Task description: Your task is to restate word for word the lines in the material below, from the one with "Skraut Home SOKKEL" up to and including the one with "Benzyl 3-hydroxy-4,4-dimethylpiperidine-1-carboxylate molecular". Do not carry over the pictures.

Material for this task:
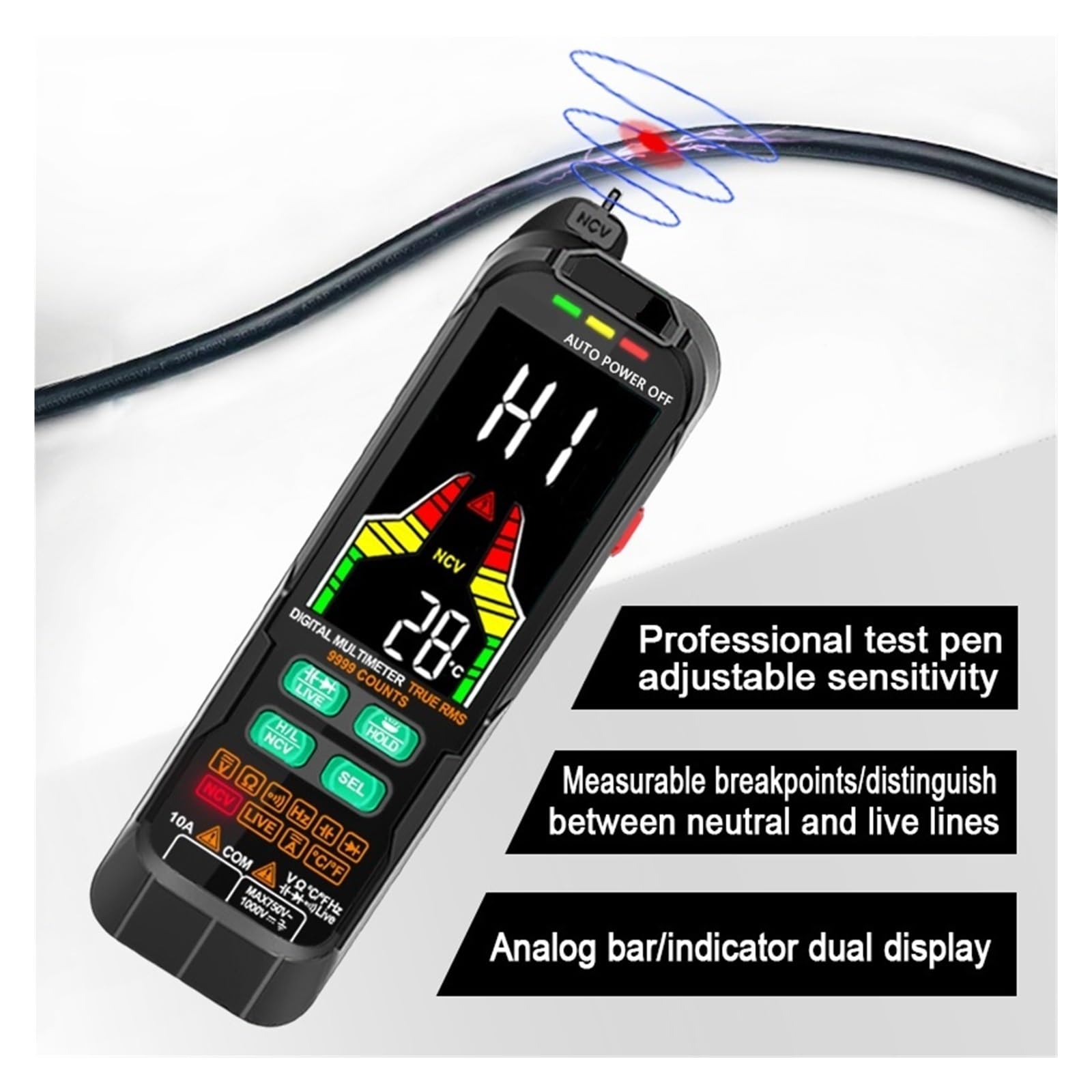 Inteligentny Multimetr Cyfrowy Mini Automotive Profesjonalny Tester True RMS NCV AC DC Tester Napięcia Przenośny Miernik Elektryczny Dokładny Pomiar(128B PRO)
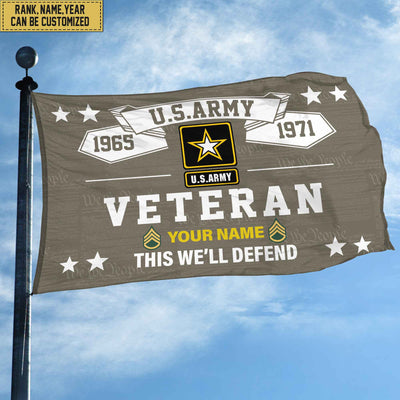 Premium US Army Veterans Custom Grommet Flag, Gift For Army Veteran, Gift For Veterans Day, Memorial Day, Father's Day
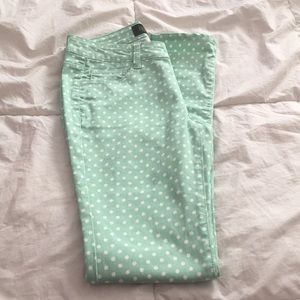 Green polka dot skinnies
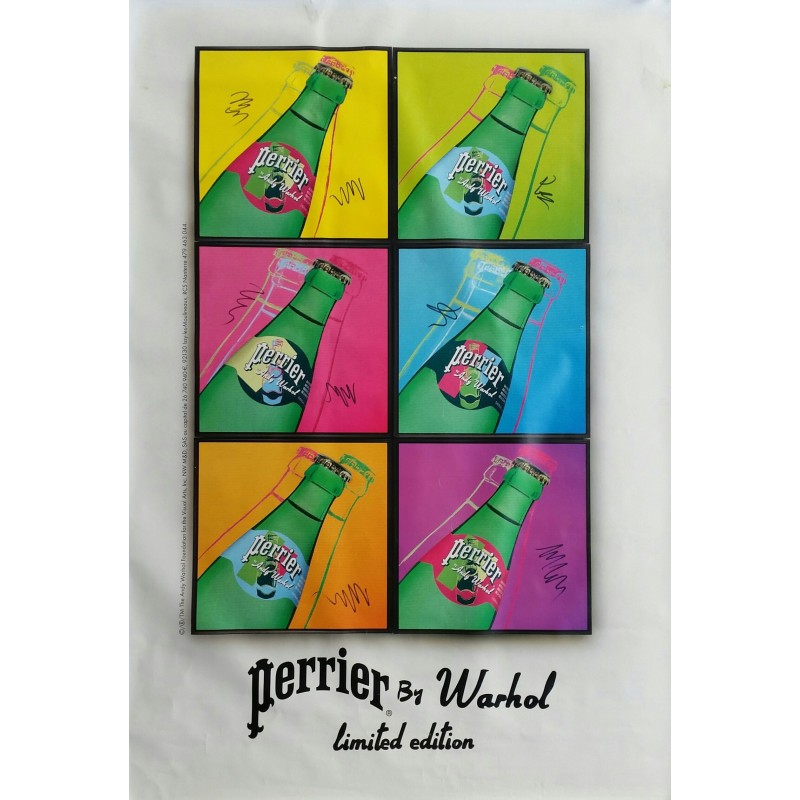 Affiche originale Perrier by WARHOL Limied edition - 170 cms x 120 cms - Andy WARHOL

---

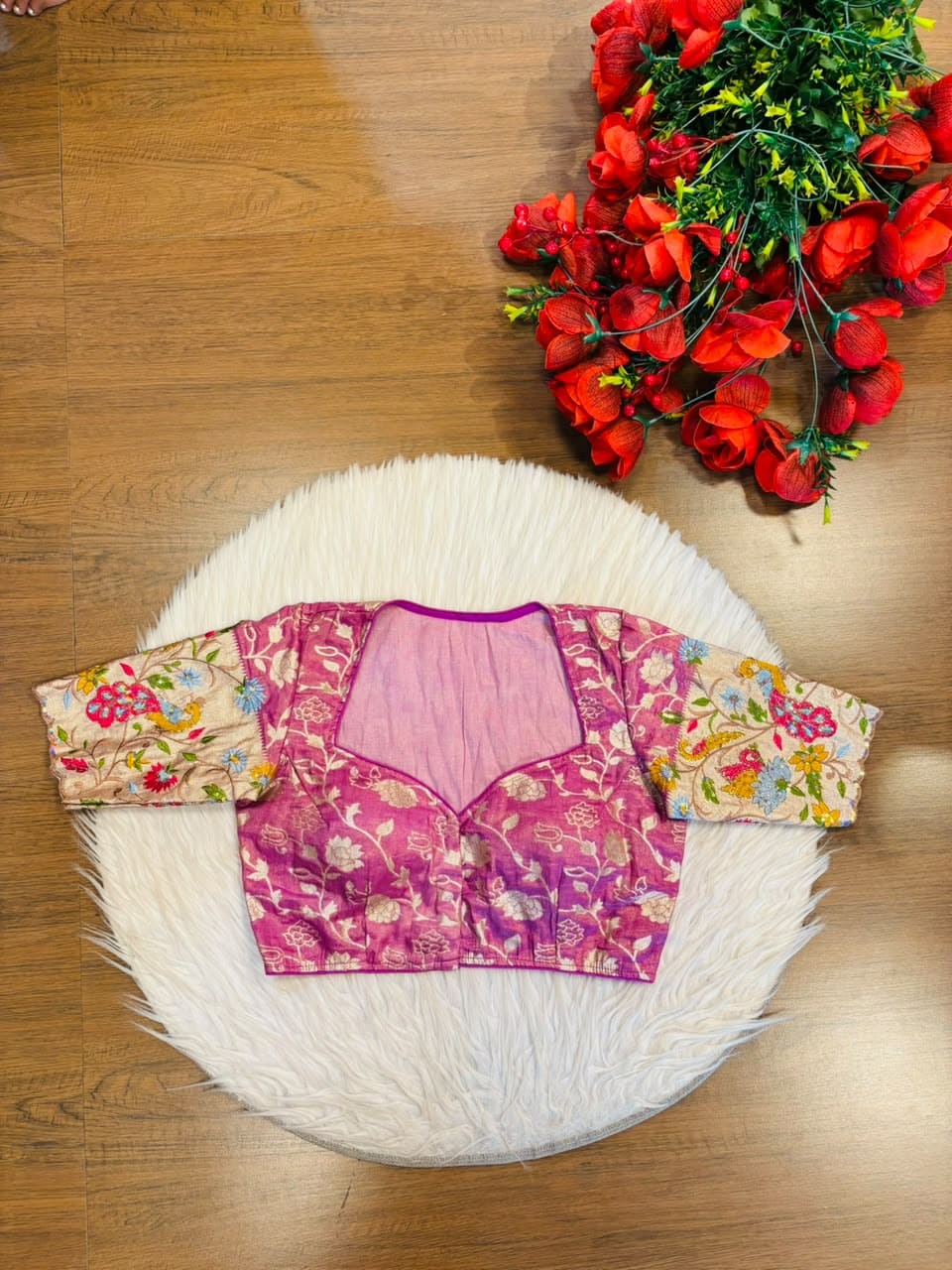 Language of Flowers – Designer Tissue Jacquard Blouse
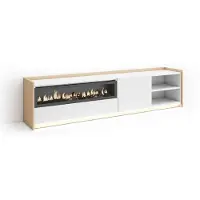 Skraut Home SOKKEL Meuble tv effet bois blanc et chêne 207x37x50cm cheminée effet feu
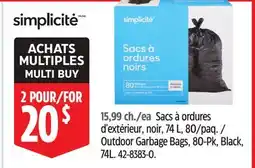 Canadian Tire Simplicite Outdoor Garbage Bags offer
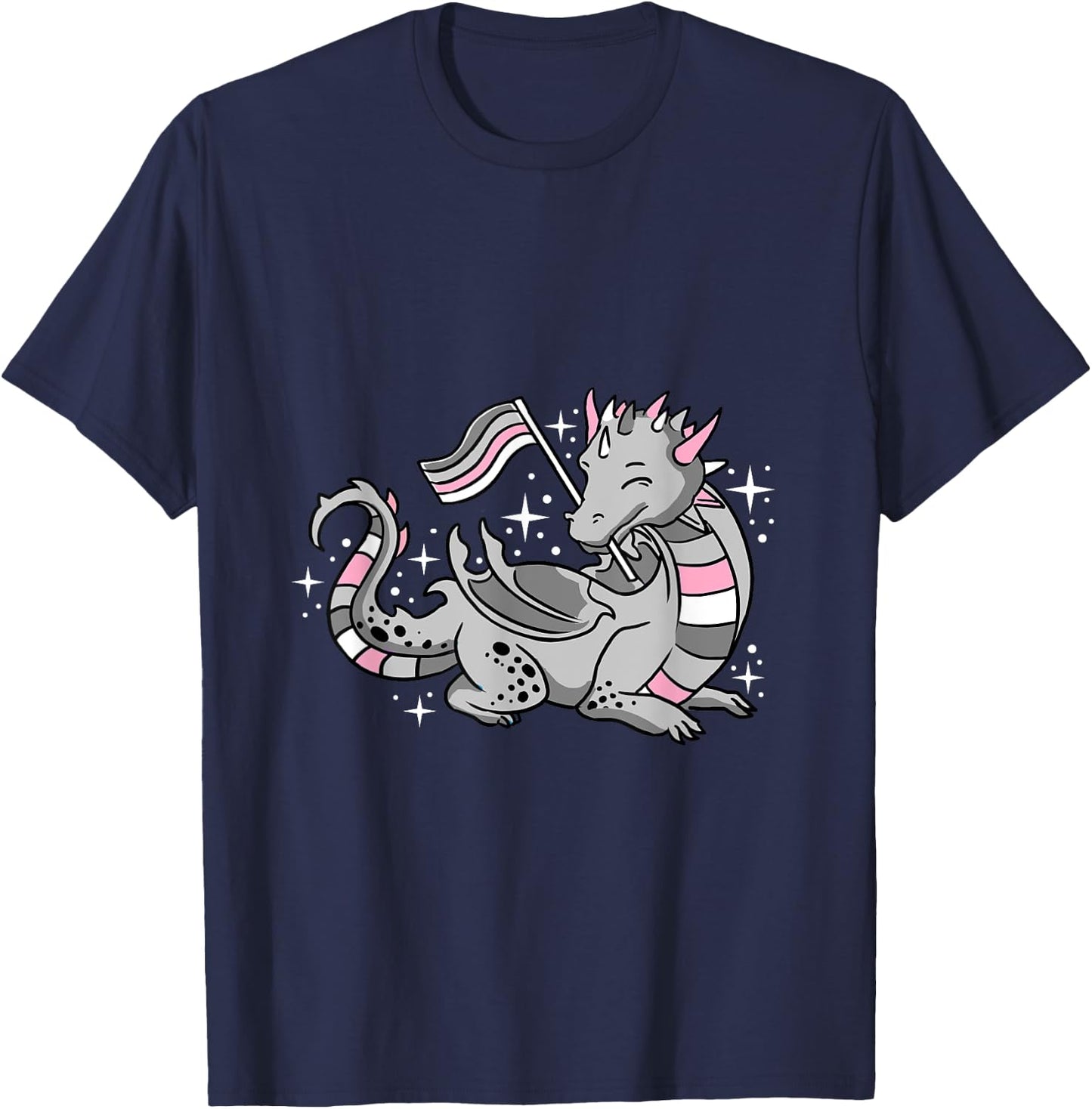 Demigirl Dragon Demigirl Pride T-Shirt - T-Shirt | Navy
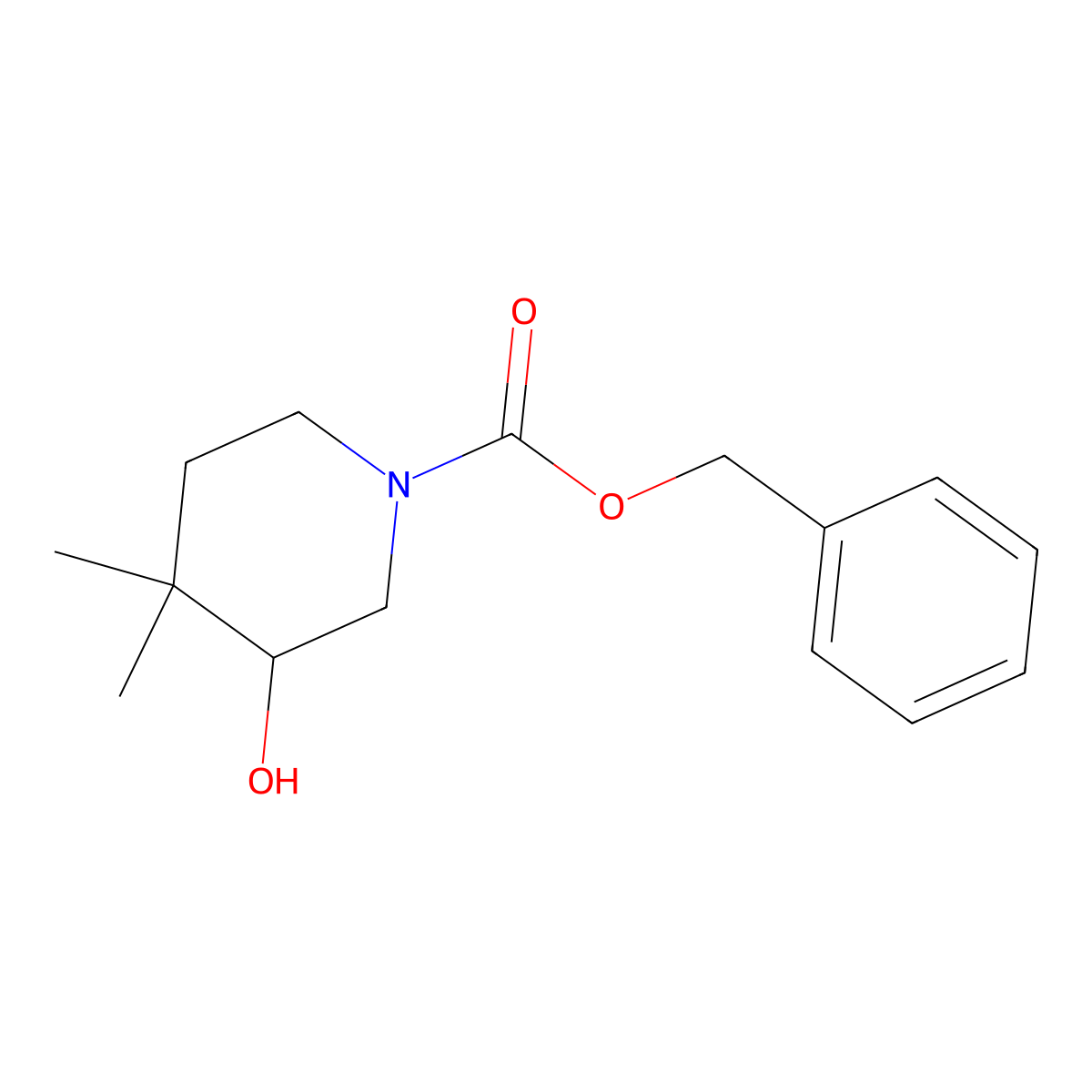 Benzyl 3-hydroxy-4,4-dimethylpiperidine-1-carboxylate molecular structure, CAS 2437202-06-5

Finished task:
 Skraut Home SOKKEL Meuble tv effet bois blanc et chêne 207x37x50cm cheminée effet feu
 Canadian Tire Simplicite Outdoor Garbage Bags offer
 Demigirl Dragon Demigirl Pride T-Shirt - T-Shirt | Navy
 Benzyl 3-hydroxy-4,4-dimethylpiperidine-1-carboxylate molecular structure, CAS 2437202-06-5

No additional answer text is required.